Fission Barriers at the End of the Chart of Nuclides
P. Möller, A. J. Sierk, T. Ichikawa, A. Iwamoto, M. Mumpower
Phys. Rev C 91 024310 (2015)
We present calculated fission-barrier heights for 5239 nuclides, for all nuclei between the proton and neutron drip lines with $171 \le A \le 330$. The barriers are calculated in the macroscopic-microscopic finite-range liquid-drop model with a 2002 set of macroscopic-model parameters. The saddle-point energies are determined from potential-energy surfaces based on more than five million different shapes, defined by five deformation parameters in the three-quadratic-surface shape parameterization: elongation, neck diameter, left-fragment spheroidal deformation, right-fragment spheroidal deformation, and nascent-fragment mass asymmetry. The energy of the ground state is determined by calculating the lowest-energy configuration in both the Nilsson perturbed-spheroid ($\epsilon$) and in the spherical-harmonic ($\beta$) parameterizations. The lower of the two results (correcting for zero-point motion) is defined as the ground-state energy. The effect of axial asymmetry on the inner barrier peak is calculated in the $\epsilon-\gamma$ parameterization. We have earlier benchmarked our calculated barrier heights to experimentally extracted barrier parameters and found average agreement to about one MeV for known data across the nuclear chart.
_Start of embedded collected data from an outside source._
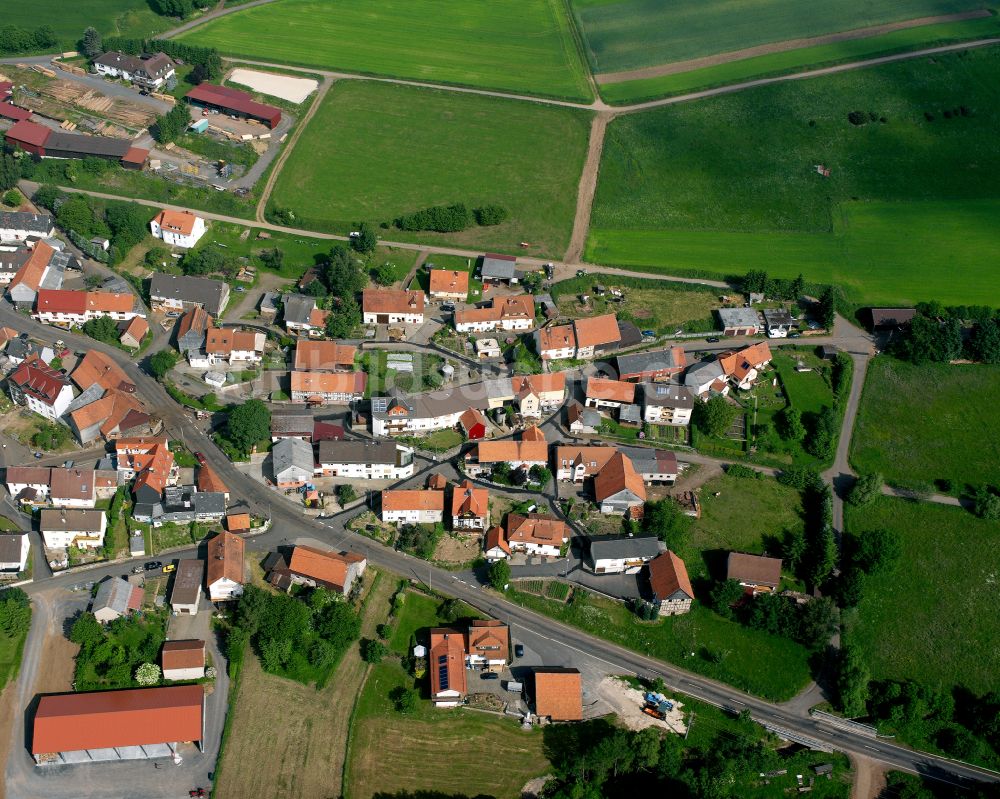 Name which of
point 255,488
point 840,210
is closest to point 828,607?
point 255,488

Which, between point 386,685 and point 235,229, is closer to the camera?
point 386,685

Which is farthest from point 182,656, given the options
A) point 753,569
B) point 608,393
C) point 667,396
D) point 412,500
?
point 667,396

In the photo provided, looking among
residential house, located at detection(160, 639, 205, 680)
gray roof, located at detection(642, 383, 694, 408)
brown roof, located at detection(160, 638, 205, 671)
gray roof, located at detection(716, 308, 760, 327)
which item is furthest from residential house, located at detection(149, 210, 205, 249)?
gray roof, located at detection(716, 308, 760, 327)

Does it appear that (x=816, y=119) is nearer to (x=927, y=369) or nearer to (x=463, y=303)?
(x=927, y=369)

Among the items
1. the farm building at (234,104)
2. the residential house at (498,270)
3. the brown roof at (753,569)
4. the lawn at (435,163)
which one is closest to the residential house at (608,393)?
the brown roof at (753,569)

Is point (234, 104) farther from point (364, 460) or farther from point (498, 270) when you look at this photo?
point (364, 460)

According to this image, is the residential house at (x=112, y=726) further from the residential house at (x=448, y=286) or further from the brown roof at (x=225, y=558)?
the residential house at (x=448, y=286) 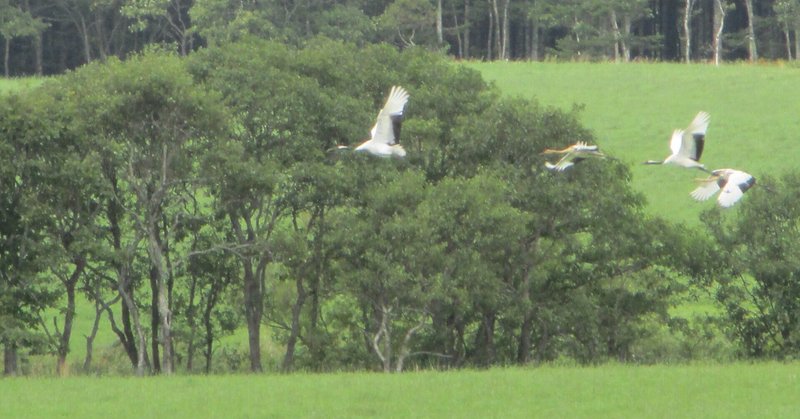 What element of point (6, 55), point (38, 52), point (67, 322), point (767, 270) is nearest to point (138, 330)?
point (67, 322)

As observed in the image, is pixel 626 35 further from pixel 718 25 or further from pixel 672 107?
pixel 672 107

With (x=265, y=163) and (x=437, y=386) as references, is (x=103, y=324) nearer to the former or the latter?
(x=265, y=163)

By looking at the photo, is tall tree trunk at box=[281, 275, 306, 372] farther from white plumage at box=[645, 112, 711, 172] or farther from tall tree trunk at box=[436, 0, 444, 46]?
tall tree trunk at box=[436, 0, 444, 46]

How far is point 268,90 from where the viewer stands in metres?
31.0

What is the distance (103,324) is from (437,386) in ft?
57.6

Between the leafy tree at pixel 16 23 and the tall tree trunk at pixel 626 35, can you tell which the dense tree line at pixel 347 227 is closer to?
the leafy tree at pixel 16 23

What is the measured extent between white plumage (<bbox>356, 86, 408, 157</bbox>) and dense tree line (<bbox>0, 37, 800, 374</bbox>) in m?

Here we do additional benchmarks and investigate the qualitative, and when possible, quantitative agreement and/or consistency with data on $\beta$-delayed fission, isotope generation along prompt-neutron-capture chains in nuclear-weapons tests, and superheavy-element stability. These studies all indicate that the model is realistic at considerable distances from the region of nuclei where its parameters were determined.